All in all these drives are extremely reliable. I've had my first 3 for 2 years and never had a problem - and I hammer them pretty hard with large file transfers and huge HD res image files.
Duane Loose
My Book Pro II/Premium II family great; problems with Vista.
This review covers the family of My Book Pro II/Premium II drives from Western Digital, since the primary differences between the 1.0, 1.5 and 2.0Tb dual-drive models involve the size of the drive pair only, as far as I can tell. I own the My Book Pro II 1.5Tb drive and have only configured it for the factory-default Raid 0 mode, since I wanted as much non-redundant storage as possible.
Anyone not familiar with external USB or Firewire drives may be surprised at the significantly slower data transfer; the USB or Firewire interface is the bottleneck, not the drive itself. For bulk storage at still-reasonable transfer rates and for the purchase price per byte, these large capacity drives can't be beat - as long as they are reliable and the user observes all the rules about making sure the drives are safe to physically disconnect from the computer (I won't cover the rules here; the operating system has its own Help section that can assist the user who is unsure of how to physically disconnect their drive without turning off the computer itself).

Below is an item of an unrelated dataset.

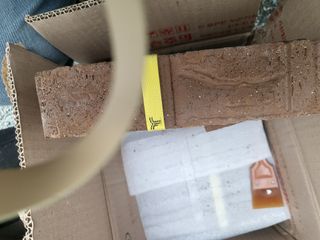 [신흥산업] 붙이는 벽돌 황토 파벽돌 230mm 45장,  욕실 인테리어 실내장식 셀프인테리어 — 4점을 준 리뷰어가 2023년 6월 올린 사용 사진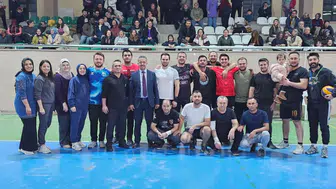 Devlet Hastanesi çalışanları filede kozlarını paylaştı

OK, back to the Western Digital My Book II drive... when the drive is received, the Raid Manager software package should be installed before plugging in the drive. After I did this and plugged in the drive, I had one problem after another with the drive disappearing in Windows, the fan going very loud when there was no heat issue to make it do so, then the drive would act like it over-heated and shut down. Twice I received replacement drives and both replacement drives acted the same way.
I figured the problem wasn't the drive, so I tried the second replacement on a second PC running Vista; same problems. I next moved the drive to a PC running Windows XP; no problem - the drive ran quietly and reliably.
It turns out there is currently (12/22/07) a problem with Windows Vista and the way it stores driver information. The fix is found in their technical bulletin 1708 (go to www.wdc.com, support, frequently asked questions and enter "1708" in the "Search by Keyword" field. This has solved all my problems with my drive and I can now recommend this drive without reservations, however Vista is due for its first significant "patch", SP1, in the first half of 2008 and these sorts of patches have sometimes provoked new problems. I do think the solution presented in technical bulletin 1708 would still be helpful if the SP1 patch caused further problems, however.